The controller 112 can include an automated inventory tracking system configured to track powder inventory without manual user input on powder losses. For example, if the additive manufacturing machine 102 is a LPBF machine, the controller 112 can be configured to calculate weight of the stock powder 104 used, based on at least one of cumulative losses due to waste from an onboard sieve, consolidated material and trapped powder, and/or powder vacuumed from cleaning the additive manufacturing machine 102. If the additive manufacturing machine 102 is a DED machine, the controller 112 can be configured to calculate weight of the stock powder 104 used, based on at least one of cumulative losses due to powder used to create material layers during directed energy deposition and/or unused powder vacuumed from cleaning the additive manufacturing machine 102.
In embodiments, the controller can include machine readable instructions configured to cause the controller to perform a calibration of load cells 114 to introduced powder weight may be utilized to provide accurate count of powder weight as determined by multipoint calibration or a calibration lookup table. The calibration can either standardized by the system design, or as part of a machine commissioning to account for all machine manufacturing variables. Such calibration can account for externalities including, but not limited to, soft mounting features and/or connections 117 such as the flexible tubing.
A method of additive manufacturing can include weighing stock powder 104 in a supply vessel 108 within the additive manufacturing machine 102 prior to using the stock powder 104 for a build to determine an initial powder weight.

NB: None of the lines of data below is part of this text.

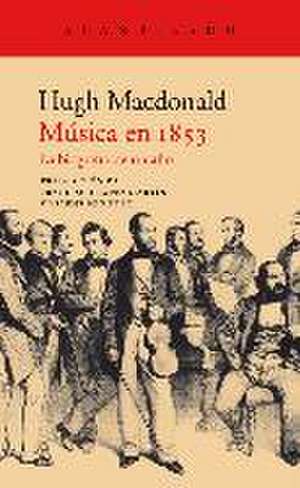 Música en 1853 : la biografía de un año de Francisco López Martín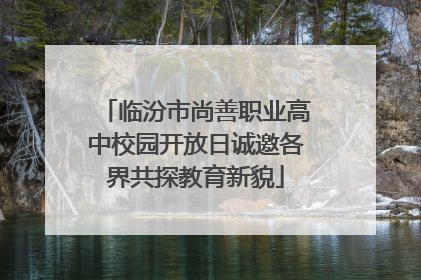 临汾市尚善职业高中校园开放日诚邀各界共探教育新貌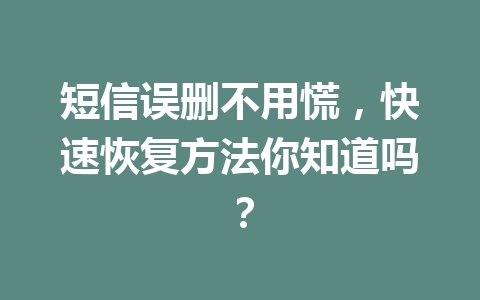 短信误删不用慌，快速恢复方法你知道吗？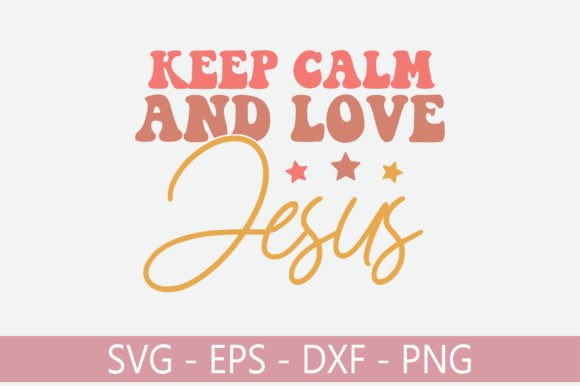 Keep Calm and Love Jesus Retro Svg Crafts
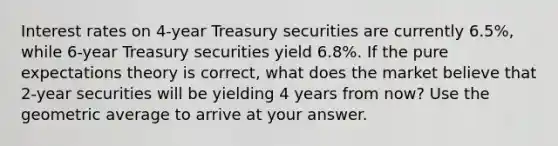 Interest rates on 4-year Treasury securities are currently 6.5%, while 6-year Treasury securities yield 6.8%. If the pure expectations theory is correct, what does the market believe that 2-year securities will be yielding 4 years from now? Use the geometric average to arrive at your answer.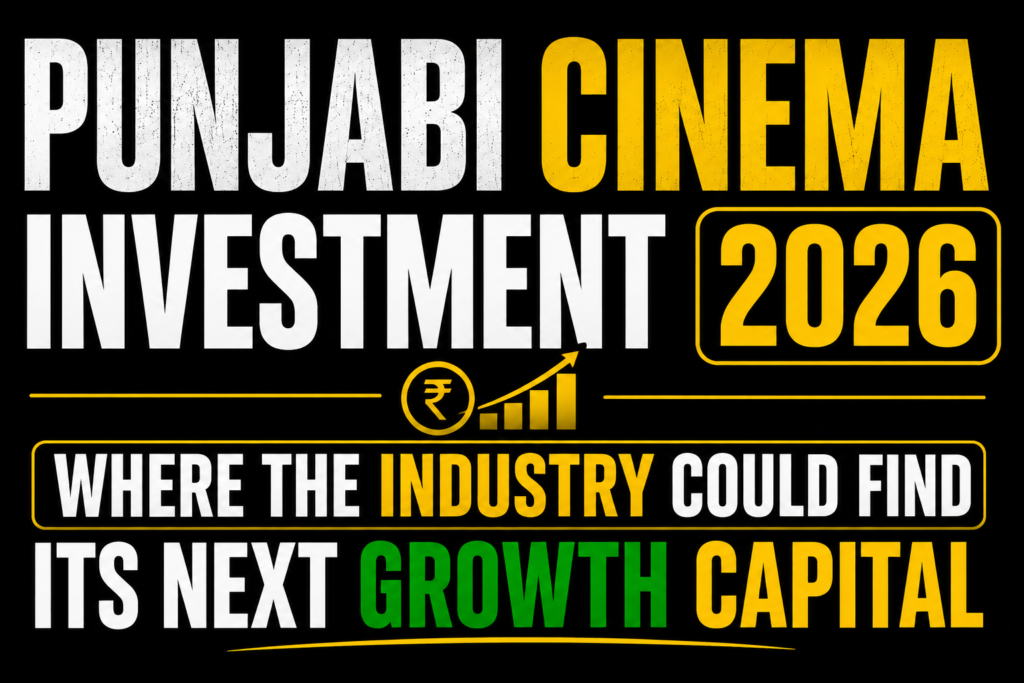 Punjabi Cinema Investment 2026: Where the Industry Could Find Its Next Growth Capital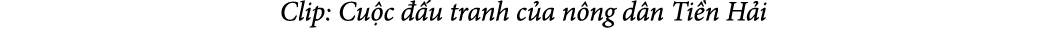 Clip: Cu c  u tranh c a n ng d n Ti n H i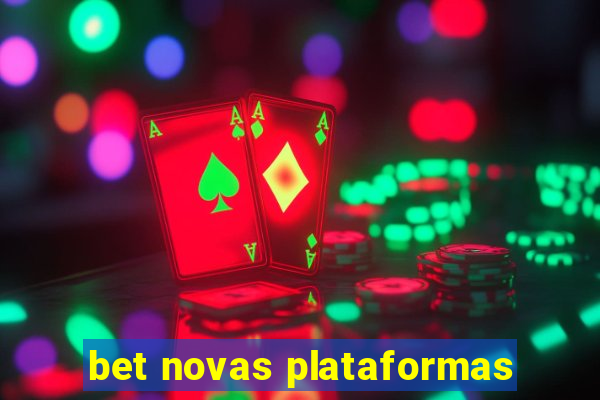 bet novas plataformas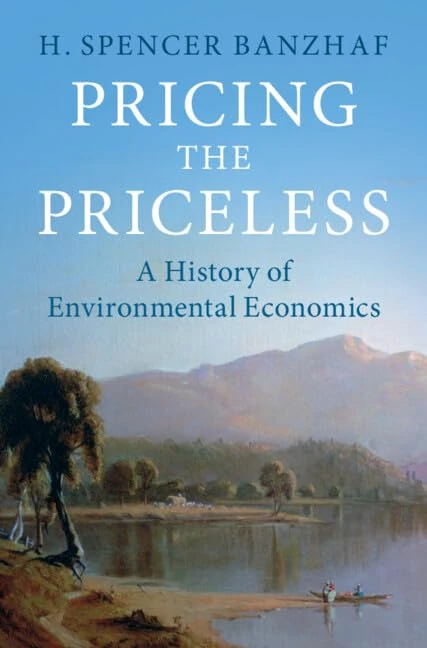 Pricing the Priceless: A History of Environmental Economics (Historical Perspectives on Modern Economics) - Image 1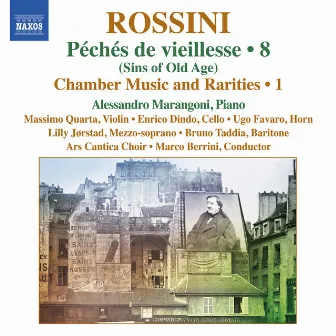 Rossini: Péchés de vieillesse — Chamber Music & Rarities by Alessandro Marangoni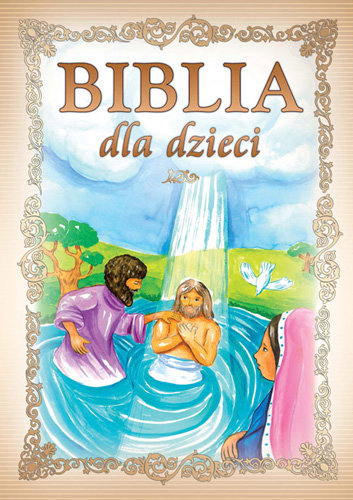 Biblia dla dzieci Białek Małgorzata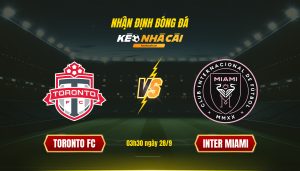 Soi Kèo Toronto Vs Inter Miami, 03H30 Ngày 28 9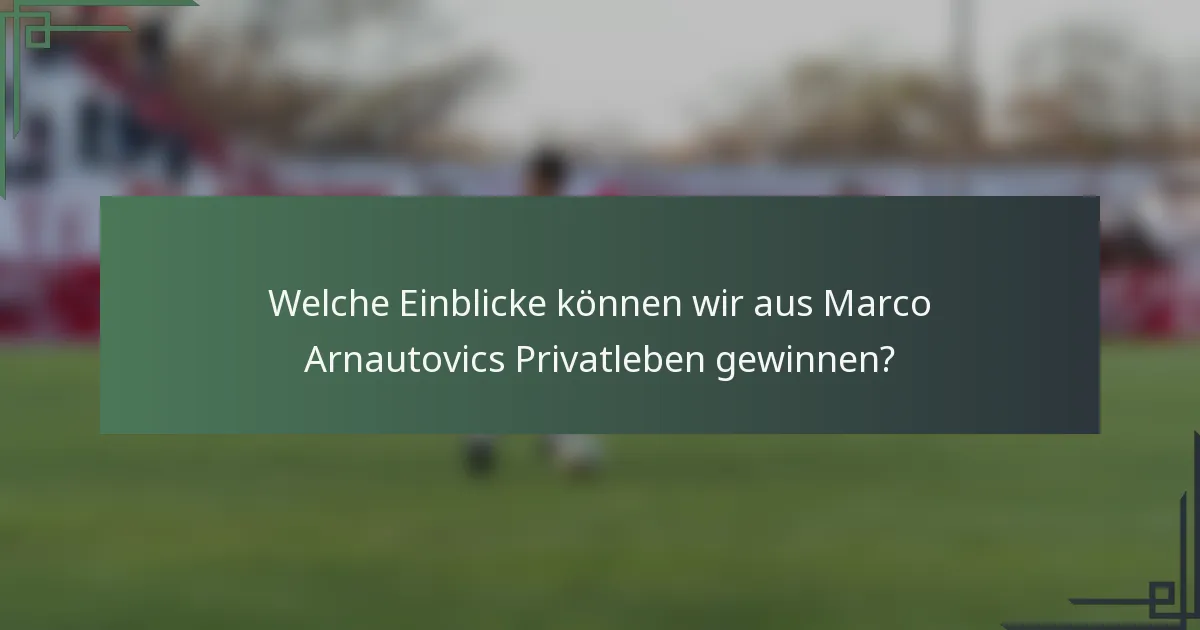 Welche Einblicke können wir aus Marco Arnautovics Privatleben gewinnen?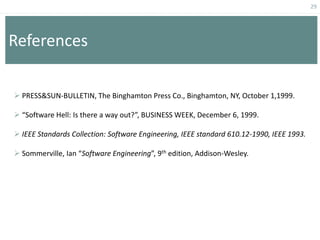 29
References
 PRESS&SUN-BULLETIN, The Binghamton Press Co., Binghamton, NY, October 1,1999.
 “Software Hell: Is there a way out?”, BUSINESS WEEK, December 6, 1999.
 IEEE Standards Collection: Software Engineering, IEEE standard 610.12-1990, IEEE 1993.
 Sommerville, Ian “Software Engineering”, 9th edition, Addison-Wesley.
 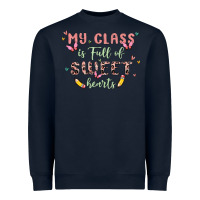 Navy my class is full of sweet hearts Heavyweight Sweatshirt - MaliasSmallBusiness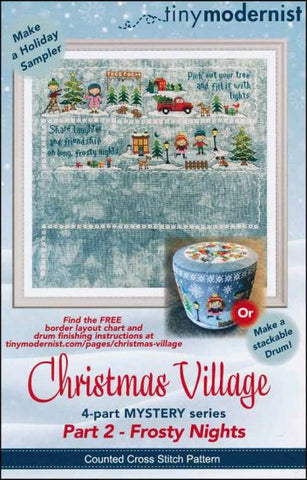 Christmas Village: Part 2 Frosty Nights By The Tiny Modernist Counted Cross Stitch Pattern
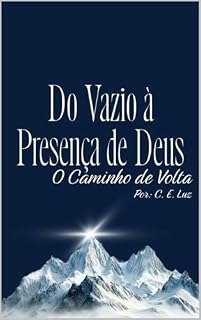 Livro Do Vazio á Presença de Deus: O Caminho de Volta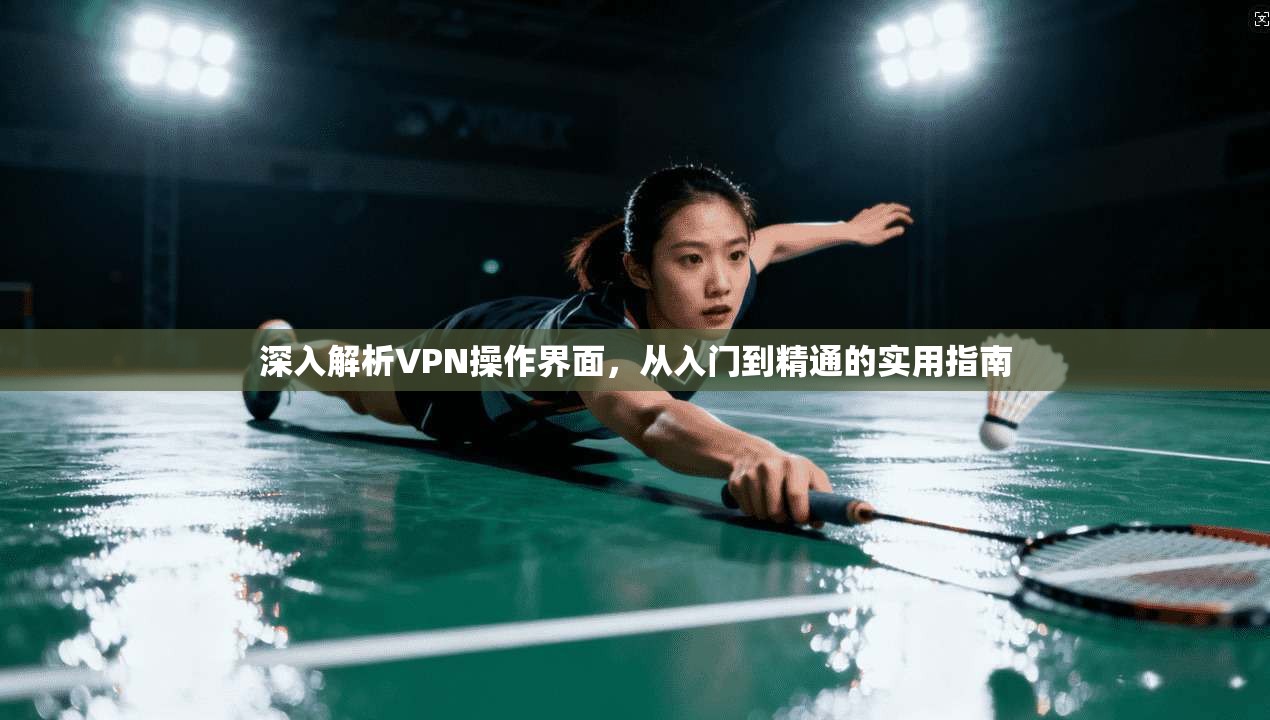 深入解析VPN操作界面，从入门到精通的实用指南  第1张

The stock powder 104 can then be used for the build and a final weight of the stock powder remaining in the supply vessel 108 after using a portion of the stock powder 104 for the build can be determined. For example, determining inventory of the stock powder 104 can be based on the difference between the initial powder weight and the final powder weight.
Tracking powder usage during a build (e.g. long and/or tall builds) can ensure the additive manufacturing machine 102 has enough powder to complete the build. For example, if the initial powder weight indicates there is insufficient stock powder 104 in the additive manufacturing machine 102 for the build, the additive manufacturing machine 102 can be prevented from starting the build. Additionally, tracking inventory can be automated inventory tracking without manual user input on powder losses.
An additive manufacturing machine typically allocates powder by part CAD volume calculation and three estimates of powder weight during three cleaning operations. Conventional powder tracking systems include many points for error that can lead to weight inaccuracies such as, operator error to weigh powder from each step and record data, powder handling at multiple steps, and inaccurate sensors that cannot accurately determine weight due to the way powder is used from the tank. Each of these uncontrollable process variables cause inventory to be inaccurate and can lead to amassed inventory and allocation inaccuracies.
The methods and systems of the present disclosure, as described above and shown in the drawings, provide for accurate powder inventory tracking. This provides more accurate and add real time usage statistics to better manage inventory and order allocation, as well as removes the need for additional powder handling during the process by the operator, reducing potential environmental health and safety concerns. While the apparatus and methods of the subject disclosure have been shown and described, those skilled in the art will readily appreciate that changes and/or modifications may be made thereto without departing from the scope of the subject disclosure.